══ THE DATA
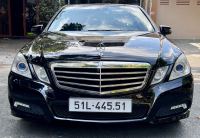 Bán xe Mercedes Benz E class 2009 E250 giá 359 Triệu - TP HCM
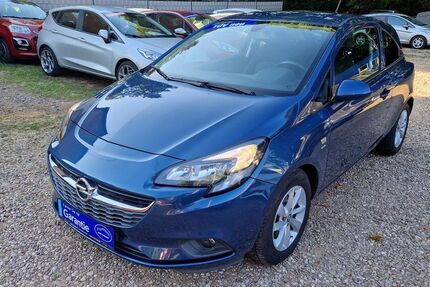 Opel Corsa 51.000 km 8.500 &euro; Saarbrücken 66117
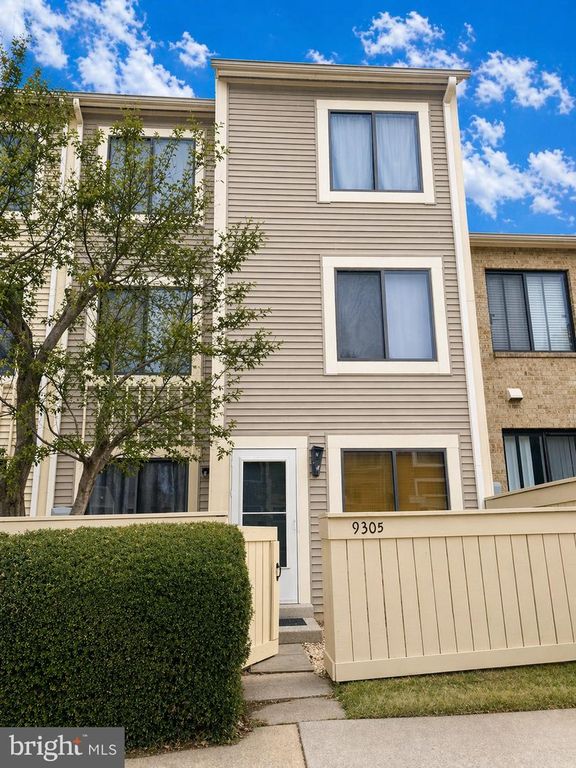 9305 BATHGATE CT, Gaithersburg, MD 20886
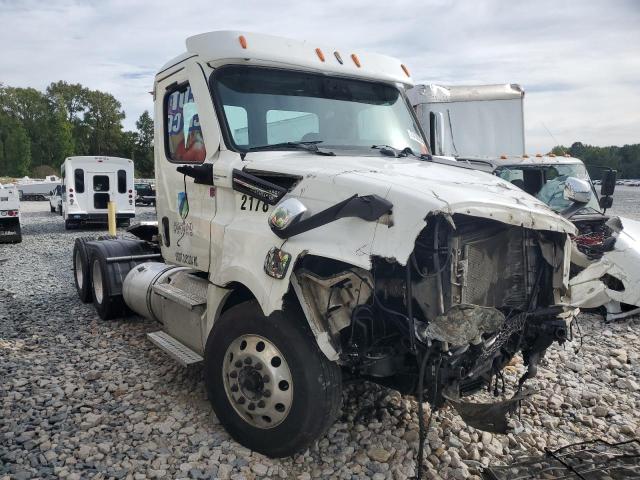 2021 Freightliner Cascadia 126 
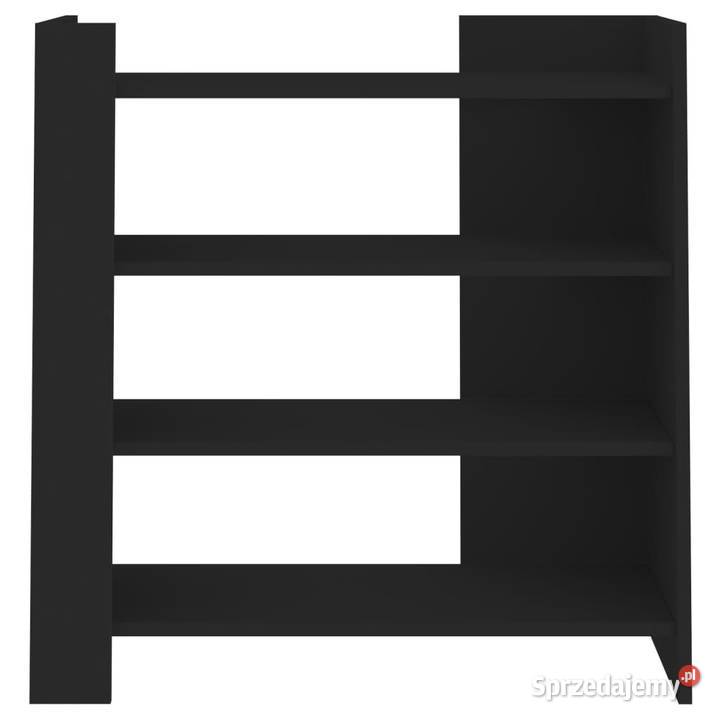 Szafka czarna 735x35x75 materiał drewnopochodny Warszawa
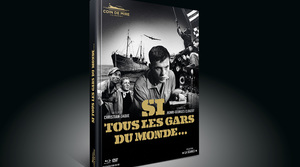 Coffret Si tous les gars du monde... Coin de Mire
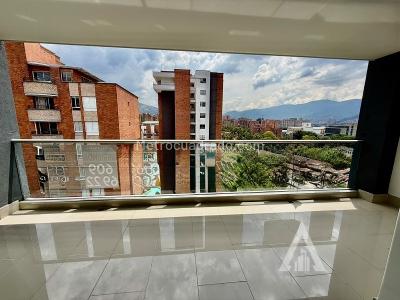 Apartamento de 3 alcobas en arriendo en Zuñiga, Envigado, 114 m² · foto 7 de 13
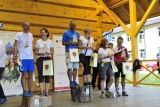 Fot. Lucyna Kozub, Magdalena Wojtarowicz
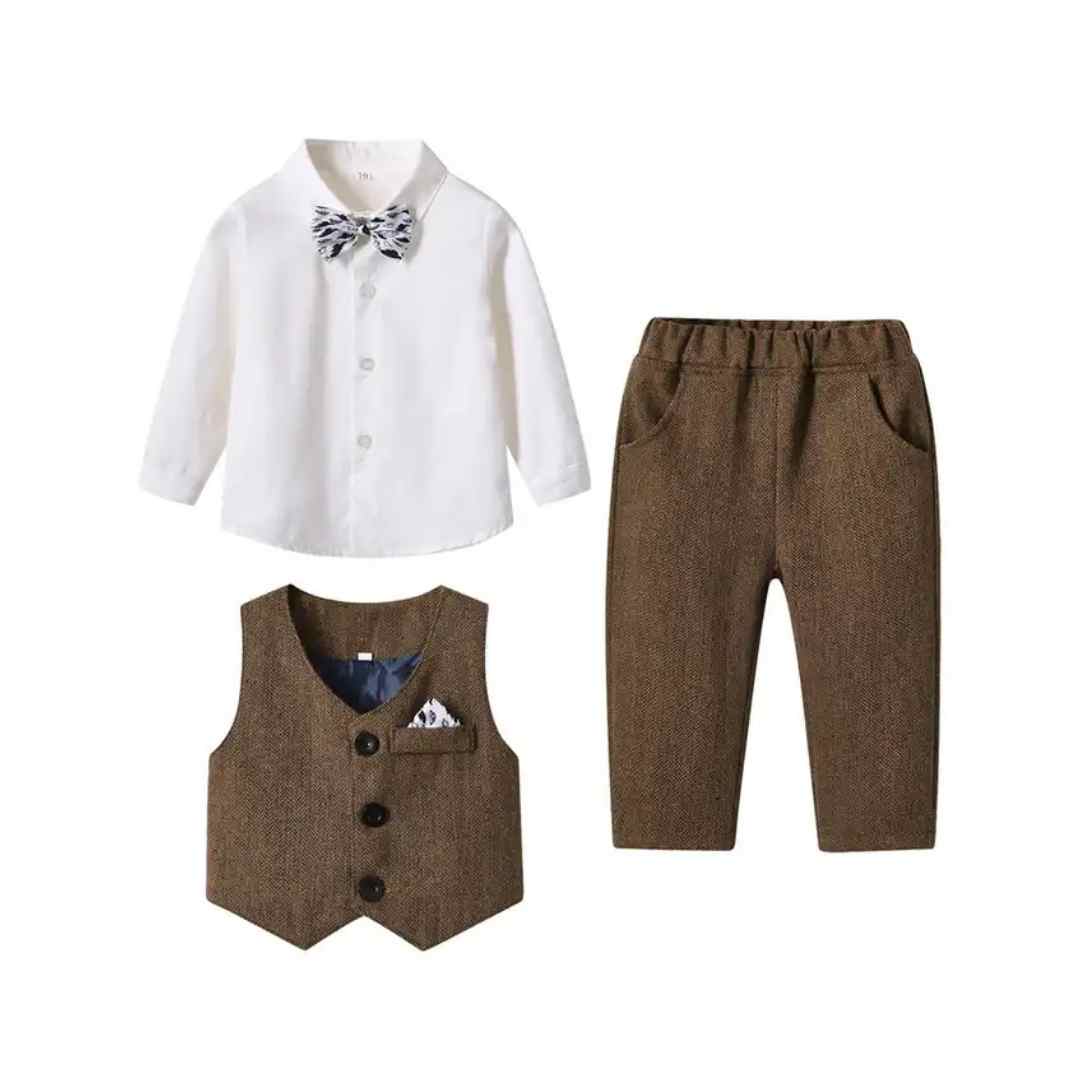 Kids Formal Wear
════
### WHAT IS NEEDED
All lines above starting at the one with "9305 BATHGATE CT, Gaithersburg, MD 20886" and ending at the one with "Apartamento de 3", inclusive, are to be printed again exactly, with the pictures left out.

### OUTPUT FOR THIS EXERCISE
 9305 BATHGATE CT, Gaithersburg, MD 20886
 2021 Freightliner Cascadia 126 
 Szafka czarna 735x35x75 materiał drewnopochodny Warszawa
 Coffret Si tous les gars du monde... Coin de Mire
 Apartamento de 3 alcobas en arriendo en Zuñiga, Envigado, 114 m² · foto 7 de 13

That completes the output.